**WORK ITEM**
Please transcribe the lines below exactly, and leave every image behind.

:::::

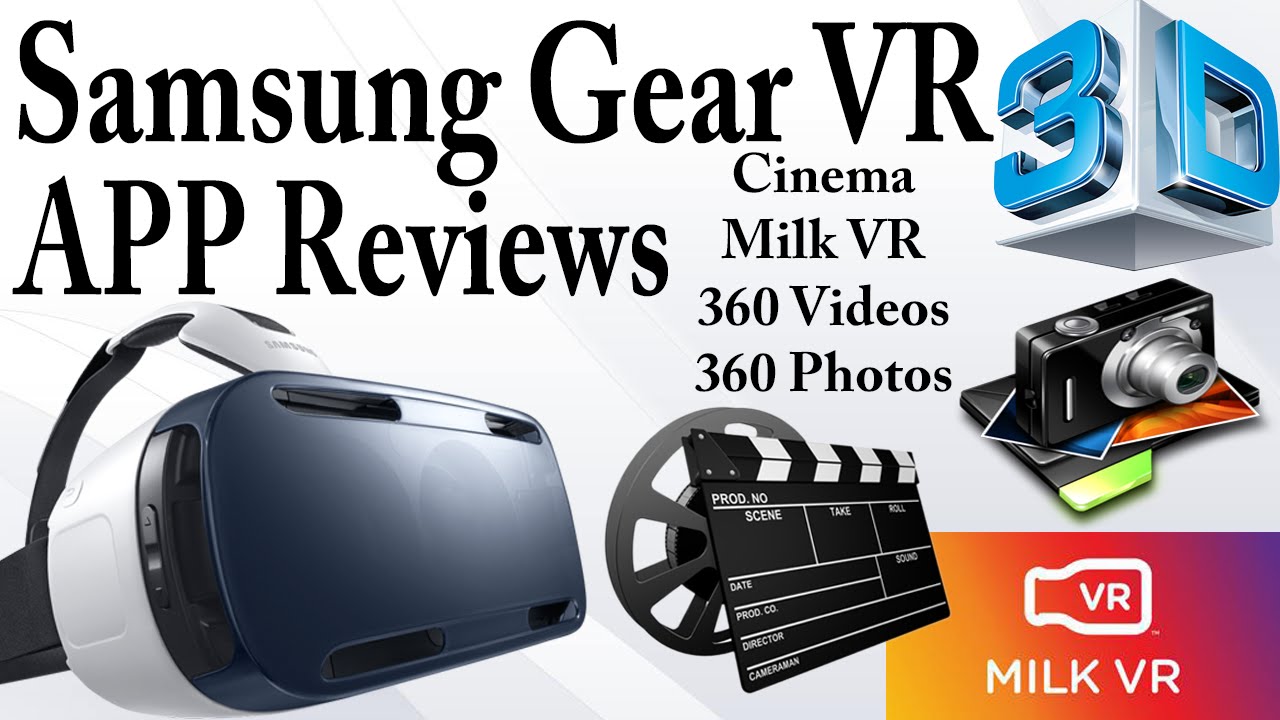 Samsung Gear VR APP Reviews (Note 4)- Oculus Cinema, MILK VR, 360 Videos, Etc.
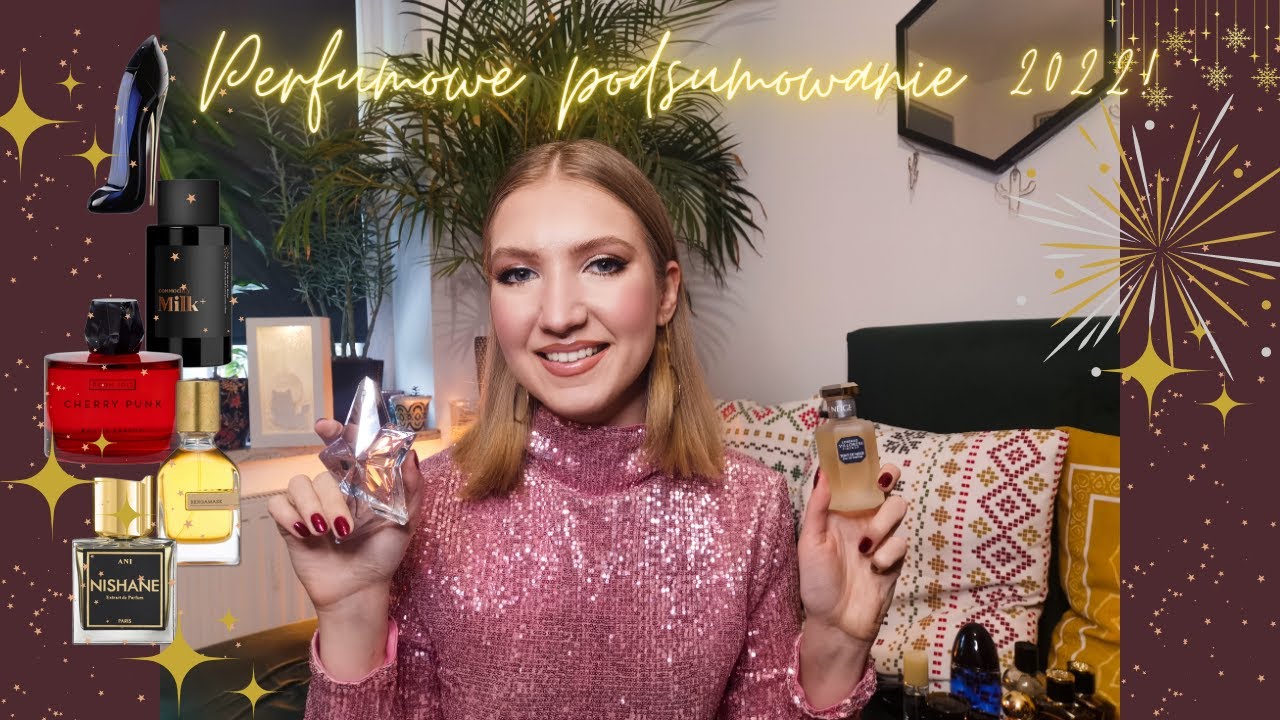 NAJLEPSZE PERFUMY ROKU 2022! Zapachowe podsumowanie | MissPotocky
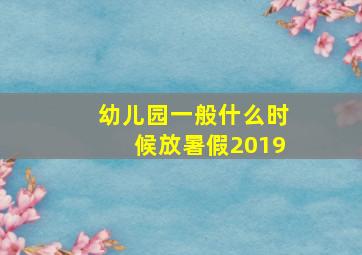 幼儿园一般什么时候放暑假2019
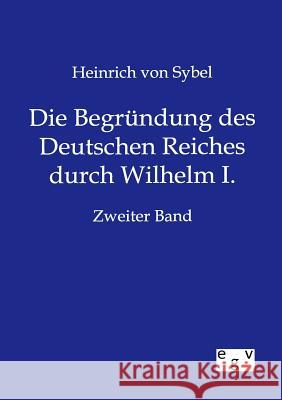 Die Begründung des Deutschen Reiches durch Wilhelm I. Von Sybel, Heinrich 9783863828448 Europäischer Geschichtsverlag - książka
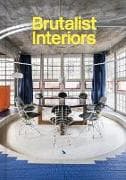 Brutalist Interiors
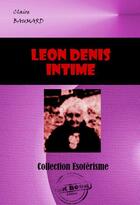 Couverture du livre « Léon Denis intime » de Claire Baumard aux éditions Ink Book
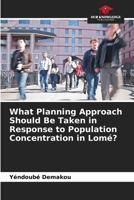 What Planning Approach Should Be Taken in Response to Population Concentration in Lomé? 6209762786 Book Cover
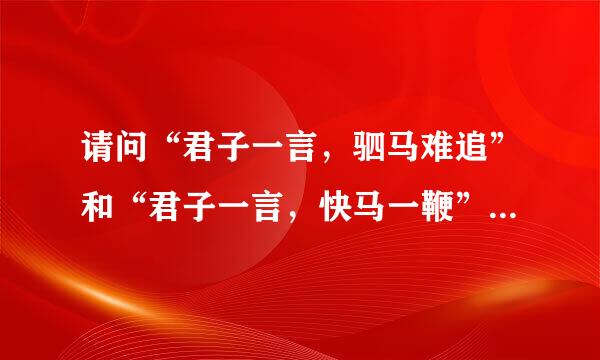 请问“君子一言，驷马难追”和“君子一言，快马一鞭”中，哪一句是正确来自的?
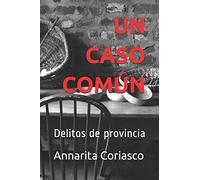 Un Caso Comã¹N: Delitos De Provincia: 1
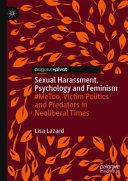 Sexual harassment, psychology and feminism : #metoo, victim politics and predators in neoliberal times /
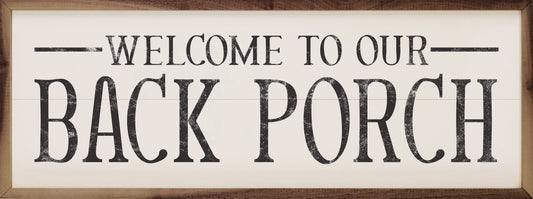 Welcome To Our Back Porch White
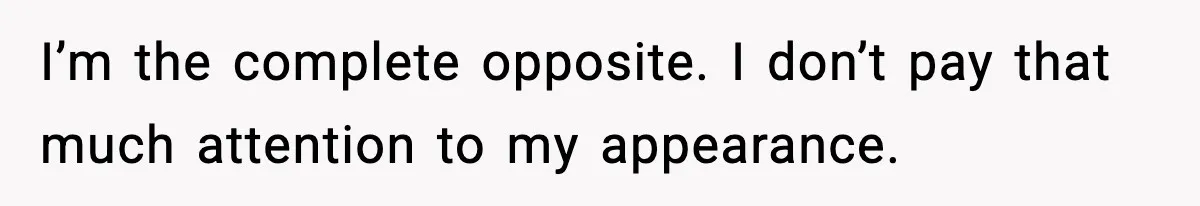 I’m the complete opposite. I don’t pay that much attention to my appearance.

:::::

**TASK ANSWER**
 Samsung Gear VR APP Reviews (Note 4)- Oculus Cinema, MILK VR, 360 Videos, Etc.
 NAJLEPSZE PERFUMY ROKU 2022! Zapachowe podsumowanie | MissPotocky
 幼儿园一般什么时候放暑假2019
 Die Begründung des Deutschen Reiches durch Wilhelm I. Von Sybel, Heinrich 9783863828448 Europäischer Geschichtsverlag - książka
 Brutalist Interiors
 Couverture du livre « Léon Denis intime » de Claire Baumard aux éditions Ink Book
 What Planning Approach Should Be Taken in Response to Population Concentration in Lomé? 6209762786 Book Cover
 请问“君子一言，驷马难追”和“君子一言，快马一鞭”中，哪一句是正确来自的?
 Un Caso Comã¹N: Delitos De Provincia: 1
 Sexual harassment, psychology and feminism : #metoo, victim politics and predators in neoliberal times /
 Welcome To Our Back Porch White
 I’m the complete opposite. I don’t pay that much attention to my appearance.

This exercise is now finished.